Intro to Web Scraping

Setup

System requirements

Node.js 18+
Windows 10+, Windows Server 2016+ or Windows Subsystem for Linux (WSL).
macOS 13 Ventura, or macOS 14 Sonoma.
Debian 11, Debian 12, Ubuntu 20.04 or Ubuntu 22.04, Ubuntu 24.04, on x86-64 and arm64 architecture.

Clone the repo

git clone https://github.com/ericrav/playwright-web-scraping.git
cd playwright-web-scraping

Install Node and dependencies

You must have Node.js version >= 18 to run Playwright and this repo. Check your node version with node -v in the terminal. If you don't have the right version, try installing nvm (Node Version Manager) to install and use the latest version.

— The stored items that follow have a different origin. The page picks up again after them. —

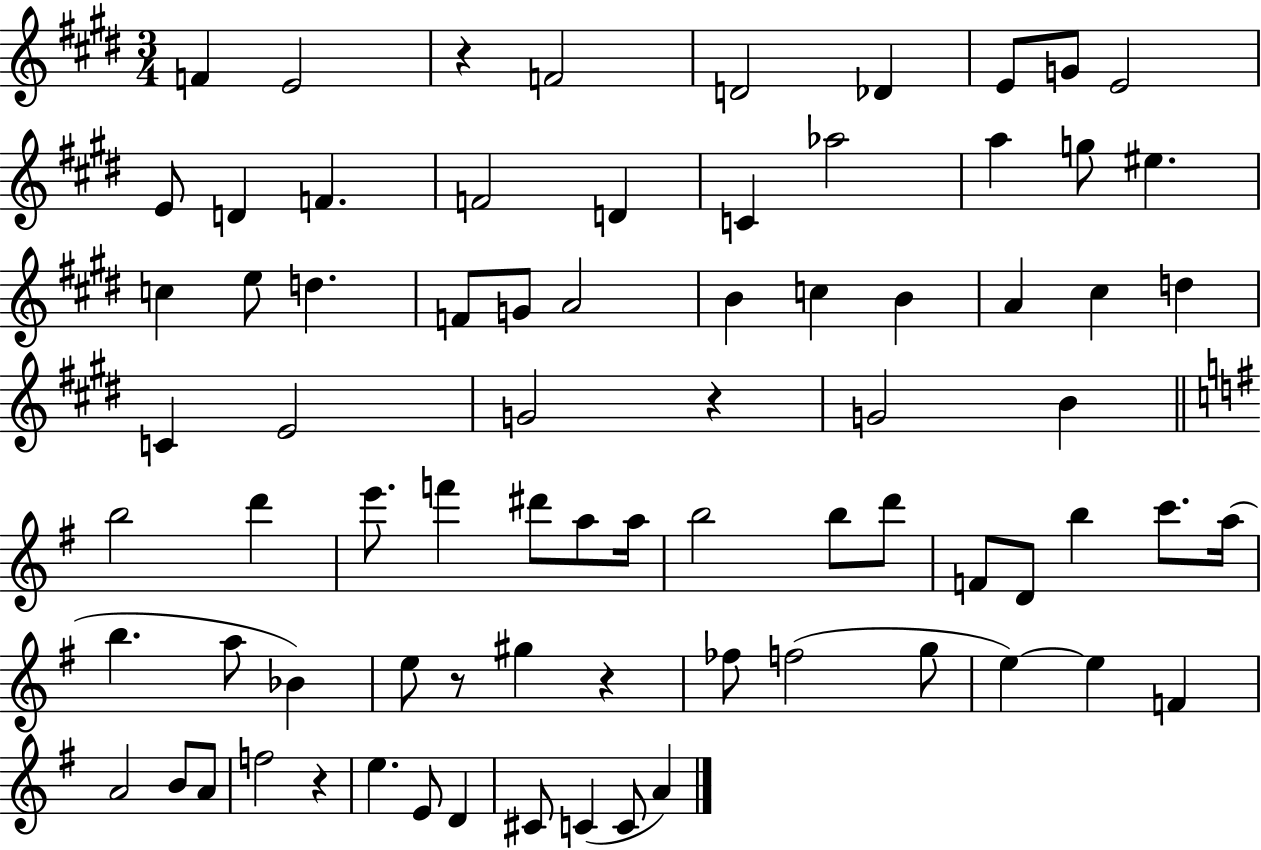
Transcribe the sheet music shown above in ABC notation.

X:1
T:Untitled
M:3/4
L:1/4
K:E
F E2 z F2 D2 _D E/2 G/2 E2 E/2 D F F2 D C _a2 a g/2 ^e c e/2 d F/2 G/2 A2 B c B A ^c d C E2 G2 z G2 B b2 d' e'/2 f' ^d'/2 a/2 a/4 b2 b/2 d'/2 F/2 D/2 b c'/2 a/4 b a/2 _B e/2 z/2 ^g z _f/2 f2 g/2 e e F A2 B/2 A/2 f2 z e E/2 D ^C/2 C C/2 A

Then, install the dependencies:

npm install

Then, install browser binaries used by Playwright with:

npx playwright install --with-deps

More info: https://playwright.dev/docs/browsers

Run example scraper

npm run scrape

You should see a Chromium browser window open and close automatically, a snippet of text printed in your terminal, and an image saved to the ./screenshots directory. Now you're ready to scrape the web!

Workshop

To run your workshop scraper, run in the terminal:

node scrapers/00-workshop.js

REPL

Experiment with Playwright functions in an interactive Node.js repl terminal (repl = "read evaluate print loop"). This will open the browser instance and Playwright inspector to show you what's happening.

npm run repl

Note: The repl script is ran with the Playwright debugger, so make sure to click the "Resume" button in the browser inspector so your commands can actually execute.

Playwright

Debug

Use the PWDEBUG=inspector environment variable to debug your script with the Playwright inspector:

PWDEBUG=inspector node scrapers/00-workshop.js

Add await page.pause(); in your script to pause as a specific step.

Codegen

npx playwright codegen nyu.edu